BUTTER RICH CRESCENT ROLLS 
1 pkg. dry yeast
1/4 c. warm water (105 to 115 degrees)
1/4 c. sugar
1 tsp. salt
1/4 c. butter, softened
1 egg, beaten
3/4 c. milk, scalded
3 c. all-purpose flour
Melted butter

Dissolve yeast in warm water in a large bowl. Add sugar, salt, butter, egg, milk and 1 1/2 cups flour; beat at low speed with an electric mixer until smooth. Stir in enough remaining flour to make a soft dough.

Place dough in a greased bowl; turn to grease top. Cover and let rise in a warm place (85 degrees) free from drafts, until doubled in bulk. Punch down dough; turn out onto a lightly floured surface. Divide dough in half; cover one portion.

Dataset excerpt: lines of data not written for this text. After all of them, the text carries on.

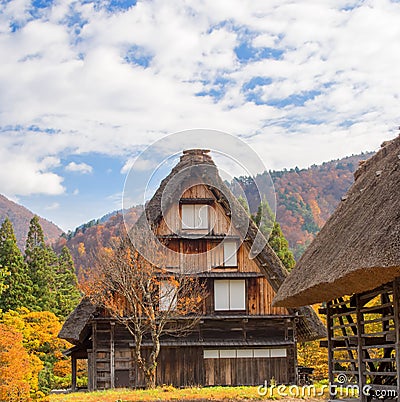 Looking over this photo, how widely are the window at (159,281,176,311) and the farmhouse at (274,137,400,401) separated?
26.6 ft

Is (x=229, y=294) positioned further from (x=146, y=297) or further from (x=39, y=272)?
(x=39, y=272)

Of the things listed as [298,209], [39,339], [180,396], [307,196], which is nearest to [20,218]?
[307,196]

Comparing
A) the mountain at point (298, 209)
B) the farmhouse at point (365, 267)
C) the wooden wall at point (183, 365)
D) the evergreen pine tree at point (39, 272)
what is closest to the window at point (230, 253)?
the wooden wall at point (183, 365)

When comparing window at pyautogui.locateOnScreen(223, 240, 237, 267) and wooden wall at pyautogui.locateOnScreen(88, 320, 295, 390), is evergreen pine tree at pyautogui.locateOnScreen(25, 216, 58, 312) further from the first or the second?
window at pyautogui.locateOnScreen(223, 240, 237, 267)

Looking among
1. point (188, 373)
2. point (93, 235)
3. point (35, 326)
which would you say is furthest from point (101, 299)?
point (93, 235)

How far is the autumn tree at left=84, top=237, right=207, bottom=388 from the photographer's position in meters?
23.9

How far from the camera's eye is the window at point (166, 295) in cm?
2486

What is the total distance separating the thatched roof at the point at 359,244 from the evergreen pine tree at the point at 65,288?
2696 centimetres

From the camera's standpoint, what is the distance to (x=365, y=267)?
11.1 meters

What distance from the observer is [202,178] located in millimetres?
26531

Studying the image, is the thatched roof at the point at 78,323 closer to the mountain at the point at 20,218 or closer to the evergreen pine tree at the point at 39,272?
the evergreen pine tree at the point at 39,272

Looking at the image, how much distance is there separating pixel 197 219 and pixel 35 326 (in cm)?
1160

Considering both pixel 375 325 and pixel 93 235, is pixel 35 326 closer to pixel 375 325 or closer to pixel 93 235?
pixel 375 325

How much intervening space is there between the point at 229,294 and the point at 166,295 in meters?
2.40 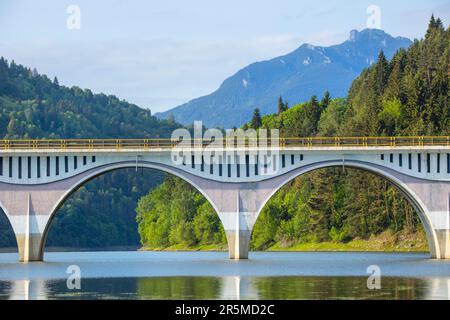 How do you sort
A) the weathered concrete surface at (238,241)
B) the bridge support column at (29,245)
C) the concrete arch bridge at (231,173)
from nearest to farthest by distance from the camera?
the weathered concrete surface at (238,241), the concrete arch bridge at (231,173), the bridge support column at (29,245)

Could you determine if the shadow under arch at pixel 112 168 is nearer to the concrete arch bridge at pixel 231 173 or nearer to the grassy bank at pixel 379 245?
the concrete arch bridge at pixel 231 173

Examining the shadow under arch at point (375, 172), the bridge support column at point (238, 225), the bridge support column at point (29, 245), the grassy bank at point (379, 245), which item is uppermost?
the shadow under arch at point (375, 172)

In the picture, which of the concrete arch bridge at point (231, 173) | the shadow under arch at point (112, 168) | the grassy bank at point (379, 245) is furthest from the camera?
the grassy bank at point (379, 245)

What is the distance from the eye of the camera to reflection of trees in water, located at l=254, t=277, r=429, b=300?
61.8 meters

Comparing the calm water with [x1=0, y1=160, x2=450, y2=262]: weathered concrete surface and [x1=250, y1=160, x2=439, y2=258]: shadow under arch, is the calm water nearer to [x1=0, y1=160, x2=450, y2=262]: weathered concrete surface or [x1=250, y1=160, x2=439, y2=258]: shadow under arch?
[x1=0, y1=160, x2=450, y2=262]: weathered concrete surface

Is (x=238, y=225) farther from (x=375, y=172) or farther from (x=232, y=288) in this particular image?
(x=232, y=288)

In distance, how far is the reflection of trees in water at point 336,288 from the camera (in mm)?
61812

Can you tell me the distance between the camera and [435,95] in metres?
138

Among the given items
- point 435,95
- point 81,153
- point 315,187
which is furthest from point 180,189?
point 81,153

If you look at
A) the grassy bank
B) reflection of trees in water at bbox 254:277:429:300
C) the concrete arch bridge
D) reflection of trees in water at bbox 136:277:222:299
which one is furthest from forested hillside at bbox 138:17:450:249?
reflection of trees in water at bbox 136:277:222:299

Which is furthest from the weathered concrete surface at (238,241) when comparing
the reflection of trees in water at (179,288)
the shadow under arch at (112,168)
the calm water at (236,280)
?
the reflection of trees in water at (179,288)

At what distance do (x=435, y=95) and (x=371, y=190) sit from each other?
523 inches

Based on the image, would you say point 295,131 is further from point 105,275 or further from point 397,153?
point 105,275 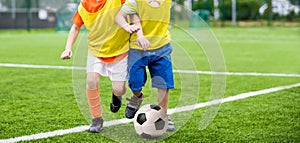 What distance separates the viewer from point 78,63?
3773 mm

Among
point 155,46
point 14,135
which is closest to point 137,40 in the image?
point 155,46

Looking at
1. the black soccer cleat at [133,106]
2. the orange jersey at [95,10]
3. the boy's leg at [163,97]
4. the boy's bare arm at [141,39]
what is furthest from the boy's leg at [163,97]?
the boy's bare arm at [141,39]

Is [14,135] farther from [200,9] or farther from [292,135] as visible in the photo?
[200,9]

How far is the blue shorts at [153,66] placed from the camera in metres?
3.74

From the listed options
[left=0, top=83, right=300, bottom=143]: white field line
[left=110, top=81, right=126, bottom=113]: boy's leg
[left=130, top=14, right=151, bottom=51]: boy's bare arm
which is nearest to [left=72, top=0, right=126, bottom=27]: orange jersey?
[left=130, top=14, right=151, bottom=51]: boy's bare arm

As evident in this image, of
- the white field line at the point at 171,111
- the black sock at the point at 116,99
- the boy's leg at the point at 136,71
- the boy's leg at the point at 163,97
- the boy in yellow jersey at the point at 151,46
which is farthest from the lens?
the black sock at the point at 116,99

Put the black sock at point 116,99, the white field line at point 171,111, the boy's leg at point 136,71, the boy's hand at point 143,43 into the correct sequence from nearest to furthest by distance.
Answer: the boy's hand at point 143,43 < the white field line at point 171,111 < the boy's leg at point 136,71 < the black sock at point 116,99

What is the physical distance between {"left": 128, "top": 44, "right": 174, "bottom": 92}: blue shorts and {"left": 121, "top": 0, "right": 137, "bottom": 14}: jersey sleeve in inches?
10.8

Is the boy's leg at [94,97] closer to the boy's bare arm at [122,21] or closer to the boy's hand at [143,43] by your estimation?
the boy's bare arm at [122,21]

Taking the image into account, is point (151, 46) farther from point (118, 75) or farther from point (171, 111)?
point (171, 111)

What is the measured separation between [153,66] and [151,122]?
0.39 m

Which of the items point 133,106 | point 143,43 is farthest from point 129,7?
point 133,106

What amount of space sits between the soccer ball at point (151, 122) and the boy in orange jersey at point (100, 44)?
0.27m

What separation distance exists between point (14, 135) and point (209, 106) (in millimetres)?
1721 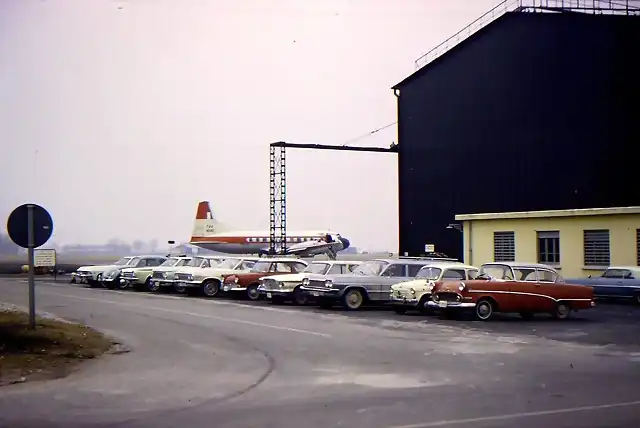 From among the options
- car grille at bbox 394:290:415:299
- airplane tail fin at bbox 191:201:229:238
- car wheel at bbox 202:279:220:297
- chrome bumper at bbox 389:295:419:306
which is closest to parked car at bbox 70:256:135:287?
car wheel at bbox 202:279:220:297

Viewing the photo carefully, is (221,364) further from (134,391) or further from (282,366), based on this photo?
(134,391)

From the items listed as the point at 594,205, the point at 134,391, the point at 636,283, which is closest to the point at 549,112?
the point at 594,205

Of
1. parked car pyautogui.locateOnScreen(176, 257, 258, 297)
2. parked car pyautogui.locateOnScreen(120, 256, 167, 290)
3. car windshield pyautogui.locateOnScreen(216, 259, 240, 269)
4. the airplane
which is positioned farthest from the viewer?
the airplane

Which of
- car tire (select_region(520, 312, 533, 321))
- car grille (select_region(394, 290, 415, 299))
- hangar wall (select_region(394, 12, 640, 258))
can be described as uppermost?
hangar wall (select_region(394, 12, 640, 258))

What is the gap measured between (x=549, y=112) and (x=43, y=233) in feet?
106

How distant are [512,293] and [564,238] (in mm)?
14840

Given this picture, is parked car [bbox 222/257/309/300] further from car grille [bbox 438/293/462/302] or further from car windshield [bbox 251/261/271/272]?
car grille [bbox 438/293/462/302]

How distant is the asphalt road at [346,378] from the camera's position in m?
8.71

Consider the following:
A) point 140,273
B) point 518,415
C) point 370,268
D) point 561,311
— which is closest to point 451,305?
point 561,311

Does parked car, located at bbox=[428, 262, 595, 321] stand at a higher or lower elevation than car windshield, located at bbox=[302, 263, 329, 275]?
lower

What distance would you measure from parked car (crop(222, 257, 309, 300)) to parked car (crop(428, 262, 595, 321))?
9.25m

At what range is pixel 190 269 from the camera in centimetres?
3222

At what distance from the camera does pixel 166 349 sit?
14.7 meters

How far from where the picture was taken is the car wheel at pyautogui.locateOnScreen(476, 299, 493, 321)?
2100 cm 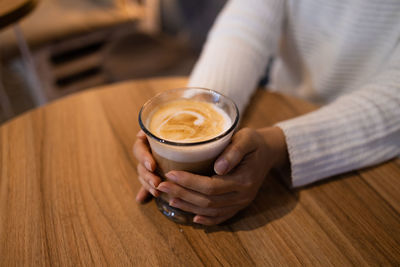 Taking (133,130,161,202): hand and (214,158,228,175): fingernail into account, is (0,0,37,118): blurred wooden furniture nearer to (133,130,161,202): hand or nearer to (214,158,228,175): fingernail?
(133,130,161,202): hand

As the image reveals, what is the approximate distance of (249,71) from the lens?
0.77 meters

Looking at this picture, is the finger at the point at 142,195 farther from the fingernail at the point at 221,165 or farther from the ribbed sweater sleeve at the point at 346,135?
the ribbed sweater sleeve at the point at 346,135

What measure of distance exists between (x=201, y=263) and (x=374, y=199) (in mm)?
348

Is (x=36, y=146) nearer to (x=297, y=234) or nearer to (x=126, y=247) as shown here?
(x=126, y=247)

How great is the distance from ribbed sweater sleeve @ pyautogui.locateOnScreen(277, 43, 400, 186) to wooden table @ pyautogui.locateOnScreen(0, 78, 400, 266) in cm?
3

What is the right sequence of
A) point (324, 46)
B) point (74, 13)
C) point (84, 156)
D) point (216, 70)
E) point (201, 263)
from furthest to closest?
point (74, 13) < point (324, 46) < point (216, 70) < point (84, 156) < point (201, 263)

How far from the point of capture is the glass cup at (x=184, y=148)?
437 millimetres

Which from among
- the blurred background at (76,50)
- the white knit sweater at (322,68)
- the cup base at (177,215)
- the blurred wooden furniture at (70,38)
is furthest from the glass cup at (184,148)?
the blurred wooden furniture at (70,38)

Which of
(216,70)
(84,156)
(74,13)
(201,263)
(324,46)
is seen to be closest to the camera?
(201,263)

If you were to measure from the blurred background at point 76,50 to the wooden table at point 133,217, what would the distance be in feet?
3.66

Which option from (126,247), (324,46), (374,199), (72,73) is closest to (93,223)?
(126,247)

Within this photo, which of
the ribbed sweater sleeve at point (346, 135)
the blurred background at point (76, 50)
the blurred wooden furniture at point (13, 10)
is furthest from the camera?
the blurred background at point (76, 50)

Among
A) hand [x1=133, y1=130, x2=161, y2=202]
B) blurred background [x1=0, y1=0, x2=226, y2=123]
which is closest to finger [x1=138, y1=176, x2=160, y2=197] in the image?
hand [x1=133, y1=130, x2=161, y2=202]

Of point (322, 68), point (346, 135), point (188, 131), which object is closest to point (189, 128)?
point (188, 131) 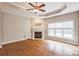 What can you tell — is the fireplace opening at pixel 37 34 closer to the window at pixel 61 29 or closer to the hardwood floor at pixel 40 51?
the window at pixel 61 29

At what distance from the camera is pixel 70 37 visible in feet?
22.1

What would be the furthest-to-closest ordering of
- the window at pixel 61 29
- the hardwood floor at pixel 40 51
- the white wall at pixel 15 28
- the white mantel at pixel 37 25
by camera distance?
the white mantel at pixel 37 25
the window at pixel 61 29
the white wall at pixel 15 28
the hardwood floor at pixel 40 51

Roll remaining half into a 10 inch circle. Cut into 8 wedges; roll each wedge tightly, beginning at wide end. Seal points. Place rolls on a greased baking sheet, point side down; curve into crescent shapes. Repeat procedure with remaining dough.

Cover and let rise in a warm place, free from drafts, 45 minutes or until doubled in bulk. Bake at 400 degrees for 8-10 minutes or until lightly browned. Brush rolls with melted butter. Yield: 16 rolls.